Singapore adopts a forward-looking approach to mediation and has taken active measures to promote this form of alternative dispute resolution as a legitimate and effective option for disputing parties. On the international front, the Singapore Convention on Mediation has introduced a framework for the international recognition and enforcement of commercial settlements in writing which have resulted from mediation. While this has been a watershed moment for the international community, few posts have explored Singapore’s efforts to support the implementation of mediation domestically. In light of recent legislative and policy developments to support the implementation of mediation within Singapore, this post seeks to provide a high-level overview of four areas, namely (i) the Financial Services and Market Bill, (ii) telecommunications, (iii) community disputes, and (iv) taxation.

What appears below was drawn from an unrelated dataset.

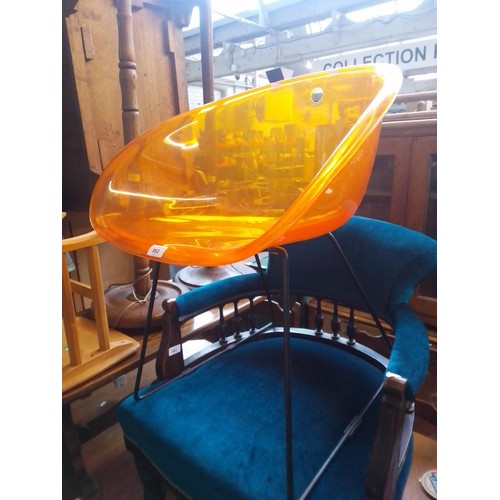 982 - An Italian Pedrali 'Gliss' chair, orange perspex on metal base.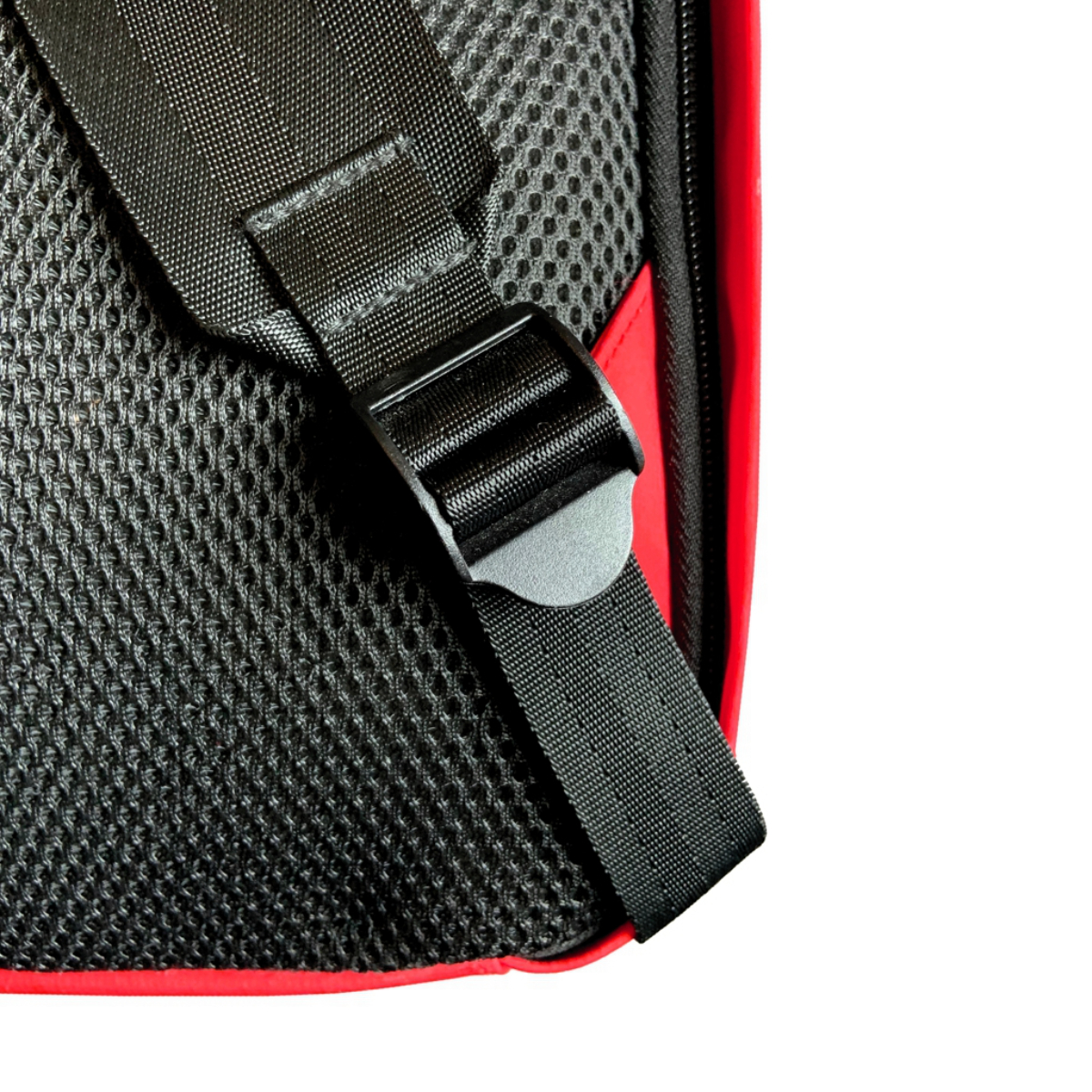 Primer plano de correa de mochila negra y roja con hebilla y material de malla.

(i) Financial Services and Market Bill

According to research from Statista, a market and consumer data service provider, the finance and insurance sector in Singapore amounted to S$73.75 billion in 2021.[1] For all retail disputes between financial institutions and consumers in Singapore disputes, the Financial Industry Disputes Resolution Centre (“FIDReC”) has operated the only approved dispute resolution institution since 2005, subject to certain conditions such as a cap of S$100,000 per claim.[2] On 14 February 2022, the Financial Services and Market Bill No. 4/2022 (the “FSMB”) was read for the first time. The FSMB has been introduced to enhance the effectiveness and agility of the Monetary Authority of Singapore, the central bank, in addressing financial sector-wide risks.[3] Of interest is Section 37 of the FSMB, which introduces statutory protection for mediators or an employee of an approved dispute resolution scheme for doing or omitting to do any act done with reasonable care and in good faith in the course of or in connection with any mediation. This goes beyond the existing model of contractual protection conferred upon any adjudicator, employee, officer or representative of FIDReC.[4]Ibid. For mediators operating under an approved dispute resolution scheme, the FSMB is welcome, and provides a valuable cloak of protection from liability.

(ii) Telecommunications

In 2016, amendments to the Telecommunications Act 1999 and the Info-Communications Media Development Authority Act 2016 conferred the Infocomm Media Development Authority (“IMDA”) with expanded powers to approve or establish dispute resolution schemes between subscribers and declared telecommunication licensees and designated media licensees.[5] On 4 March 2022, the IMDA introduced the Alternative Dispute Resolution Scheme (“ADRS”) for disputes under S$10,000. Although eligible customers may proceed directly to determination if they so choose, the scheme caters for a two-step process. First, parties will proceed for mediation, failing which they will proceed to determination for disputes not resolved after mediation.[6]Ibid. As a preliminary step however, eligible customers may in certain cases, be required to provide a 14-calendar notice of intention to resolve the dispute with the service provider before attempting dispute resolution under the ADRS.[7]Ibid. Perhaps the most striking feature about this two-step process is that it will take place digitally. Although in-person sessions will be available for less technologically adept parties, it is envisaged that the majority of mediations will be conducted using a chatroom, while the determination process, if any, will be documents-based.[8]Ibid. This is reflective of the media and telecommunications environment in which the ADRS operates and also represents a progressive approach to an online mode of mediation which can be equally effective as in-person mediations. Evidence of effective online mediations is supported by a recent poll conducted by Professor James Claxton of Waseda University, which found that 71% of mediators settled no more or fewer cases online than they did in person.[9] For readers interested in learning more about mediation in an online environment, the link to Professor Claxton’s Kluwer blog post is available here.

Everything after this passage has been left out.